Development of Novel Delta Opioid Receptor Inverse Agonists and Their Antitussive Effects

Abstract

We synthesized a delta opioid receptor (DOR) antagonist naltrindole (NTI) derivative SYK-165 with a 2,2,2-trifluoroethyl substitute on the 17-nitrogen and reported it showed DOR partial inverse agonist activity in [³⁵S] GTPγS binding assays (Bioorg. Med. Chem. Lett., 2015, 25, 2927-2930.). For the purpose of investigating the further structure-activity relationship, we designed and synthesized NTI derivatives with various electron-withdrawing groups at the 17-position to find a DOR full inverse agonist SYK-623, possessing a 17-cyclopropanecarbonyl group. SYK-623 was over 100-fold more potent than ICI-174,864, a standard DOR inverse agonist. We applied such modification to other DOR antagonists, 7-benzylidenenaltrexone (BNTX) and naltriben (NTB), which have respective chemotypes different from that of NTI. As a result, 17-cyclopropanecarbonyl derivatives SYK-723 (BNTX type) and SYK-724 (NTB type) were also potent DOR full inverse agonists. SYK-623, SYK-723, and SYK-724 are very interesting compounds because these compounds elicited potent DOR full inverse agonist activities in spite of the fact that they have no basic nitrogen, which is known to be indispensable functionality for the interaction with the opioid receptors.

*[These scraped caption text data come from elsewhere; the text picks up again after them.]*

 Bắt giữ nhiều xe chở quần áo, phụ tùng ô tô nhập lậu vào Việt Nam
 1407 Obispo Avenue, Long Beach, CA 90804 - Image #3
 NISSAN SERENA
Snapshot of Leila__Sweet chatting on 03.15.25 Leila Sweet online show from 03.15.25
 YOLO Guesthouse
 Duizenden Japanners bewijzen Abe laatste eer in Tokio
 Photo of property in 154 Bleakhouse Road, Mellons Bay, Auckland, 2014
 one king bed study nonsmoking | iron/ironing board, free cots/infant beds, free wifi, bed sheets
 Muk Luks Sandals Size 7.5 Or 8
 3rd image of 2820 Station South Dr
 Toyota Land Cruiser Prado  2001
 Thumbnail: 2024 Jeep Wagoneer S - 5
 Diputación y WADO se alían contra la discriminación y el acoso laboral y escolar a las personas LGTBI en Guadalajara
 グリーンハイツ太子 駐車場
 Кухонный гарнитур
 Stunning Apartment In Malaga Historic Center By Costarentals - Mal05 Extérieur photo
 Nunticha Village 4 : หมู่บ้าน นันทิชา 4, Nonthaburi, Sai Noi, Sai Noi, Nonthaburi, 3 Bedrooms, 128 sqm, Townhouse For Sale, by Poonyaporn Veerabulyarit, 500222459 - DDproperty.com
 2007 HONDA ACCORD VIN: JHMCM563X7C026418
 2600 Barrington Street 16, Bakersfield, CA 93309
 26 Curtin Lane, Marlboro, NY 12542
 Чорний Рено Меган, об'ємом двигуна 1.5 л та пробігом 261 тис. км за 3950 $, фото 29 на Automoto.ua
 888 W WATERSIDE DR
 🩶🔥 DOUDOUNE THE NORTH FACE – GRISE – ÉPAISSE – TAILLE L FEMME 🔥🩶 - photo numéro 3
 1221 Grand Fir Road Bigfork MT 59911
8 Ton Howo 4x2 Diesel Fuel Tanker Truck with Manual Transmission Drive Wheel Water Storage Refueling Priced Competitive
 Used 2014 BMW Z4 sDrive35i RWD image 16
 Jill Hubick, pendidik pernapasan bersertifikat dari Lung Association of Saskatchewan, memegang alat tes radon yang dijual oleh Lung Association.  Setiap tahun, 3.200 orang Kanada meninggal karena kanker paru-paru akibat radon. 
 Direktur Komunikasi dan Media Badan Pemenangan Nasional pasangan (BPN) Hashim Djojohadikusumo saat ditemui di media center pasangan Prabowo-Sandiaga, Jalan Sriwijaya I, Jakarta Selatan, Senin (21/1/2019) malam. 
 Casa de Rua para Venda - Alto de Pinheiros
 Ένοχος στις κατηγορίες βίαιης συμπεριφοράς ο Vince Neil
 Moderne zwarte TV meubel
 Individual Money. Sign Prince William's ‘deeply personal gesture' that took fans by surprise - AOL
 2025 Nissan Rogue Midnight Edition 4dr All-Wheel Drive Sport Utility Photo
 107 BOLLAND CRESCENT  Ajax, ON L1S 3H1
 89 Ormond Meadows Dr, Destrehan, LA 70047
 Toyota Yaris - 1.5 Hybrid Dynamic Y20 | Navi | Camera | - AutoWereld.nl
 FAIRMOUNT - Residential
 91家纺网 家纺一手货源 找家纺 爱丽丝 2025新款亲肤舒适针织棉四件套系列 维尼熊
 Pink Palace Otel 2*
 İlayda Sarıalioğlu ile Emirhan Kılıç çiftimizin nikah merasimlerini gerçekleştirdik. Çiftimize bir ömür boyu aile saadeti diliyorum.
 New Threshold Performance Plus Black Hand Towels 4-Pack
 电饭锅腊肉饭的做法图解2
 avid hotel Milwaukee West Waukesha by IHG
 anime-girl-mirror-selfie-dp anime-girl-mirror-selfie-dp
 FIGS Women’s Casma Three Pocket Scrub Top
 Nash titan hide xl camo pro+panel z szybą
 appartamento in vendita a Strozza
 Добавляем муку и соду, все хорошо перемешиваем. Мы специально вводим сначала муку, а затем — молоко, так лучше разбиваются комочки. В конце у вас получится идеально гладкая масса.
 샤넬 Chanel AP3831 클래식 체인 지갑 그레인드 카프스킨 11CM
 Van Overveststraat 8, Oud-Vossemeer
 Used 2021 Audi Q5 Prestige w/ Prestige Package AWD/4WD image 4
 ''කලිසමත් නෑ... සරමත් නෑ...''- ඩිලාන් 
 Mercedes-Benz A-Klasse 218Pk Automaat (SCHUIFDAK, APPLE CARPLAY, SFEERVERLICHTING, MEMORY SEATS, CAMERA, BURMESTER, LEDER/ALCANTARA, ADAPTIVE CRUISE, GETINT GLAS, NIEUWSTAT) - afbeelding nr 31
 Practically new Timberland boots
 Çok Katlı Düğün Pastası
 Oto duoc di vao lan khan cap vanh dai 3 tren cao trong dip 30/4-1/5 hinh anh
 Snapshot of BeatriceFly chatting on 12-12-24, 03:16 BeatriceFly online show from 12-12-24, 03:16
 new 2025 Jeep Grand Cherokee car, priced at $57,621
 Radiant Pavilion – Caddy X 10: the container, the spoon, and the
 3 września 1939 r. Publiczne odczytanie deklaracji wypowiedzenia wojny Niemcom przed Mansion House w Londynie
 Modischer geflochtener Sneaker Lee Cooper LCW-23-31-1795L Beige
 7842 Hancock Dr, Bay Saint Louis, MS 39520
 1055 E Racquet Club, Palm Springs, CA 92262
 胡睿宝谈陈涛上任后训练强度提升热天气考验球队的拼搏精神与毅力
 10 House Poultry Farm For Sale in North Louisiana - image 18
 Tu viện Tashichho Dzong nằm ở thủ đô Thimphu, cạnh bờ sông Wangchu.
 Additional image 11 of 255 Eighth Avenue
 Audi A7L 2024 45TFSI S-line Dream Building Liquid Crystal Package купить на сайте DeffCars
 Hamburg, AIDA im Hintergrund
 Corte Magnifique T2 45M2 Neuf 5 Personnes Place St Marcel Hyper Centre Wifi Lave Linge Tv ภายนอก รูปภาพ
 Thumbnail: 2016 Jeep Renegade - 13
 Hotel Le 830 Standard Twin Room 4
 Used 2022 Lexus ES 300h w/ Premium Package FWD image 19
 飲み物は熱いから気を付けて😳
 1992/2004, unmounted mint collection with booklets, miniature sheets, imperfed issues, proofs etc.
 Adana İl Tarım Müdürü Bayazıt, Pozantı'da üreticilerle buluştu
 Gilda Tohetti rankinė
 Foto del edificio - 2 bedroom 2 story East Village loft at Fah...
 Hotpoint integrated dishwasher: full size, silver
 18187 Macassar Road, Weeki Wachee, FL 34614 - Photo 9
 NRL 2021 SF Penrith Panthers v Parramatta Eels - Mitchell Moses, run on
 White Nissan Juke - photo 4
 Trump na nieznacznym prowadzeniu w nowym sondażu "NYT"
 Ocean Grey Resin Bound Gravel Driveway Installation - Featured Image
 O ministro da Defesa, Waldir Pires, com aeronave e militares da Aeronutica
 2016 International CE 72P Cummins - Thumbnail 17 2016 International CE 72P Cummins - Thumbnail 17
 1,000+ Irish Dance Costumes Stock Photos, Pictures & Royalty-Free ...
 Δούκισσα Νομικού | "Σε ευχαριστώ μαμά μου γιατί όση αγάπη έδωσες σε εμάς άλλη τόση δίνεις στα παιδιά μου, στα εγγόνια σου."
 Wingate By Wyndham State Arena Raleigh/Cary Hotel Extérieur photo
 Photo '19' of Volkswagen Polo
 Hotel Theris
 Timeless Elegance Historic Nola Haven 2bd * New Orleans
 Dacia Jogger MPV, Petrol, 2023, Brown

We previously reported that opioidergic nerves system contributed to the control of cough reflex and that DOR antagonists induced antitussive effects (Pulm. Pharmacol. Ther., 2002, 15, 235-240.). We attempted to examine the effects of DOR inverse agonists on the cough reflex induced by citric acid in mice. Both SYK-623 and SYK-723 showed marked antitussive effects in a dose-dependent manner. We will report detailed results of in vitro and in vivo assays for DOR inverse agonists.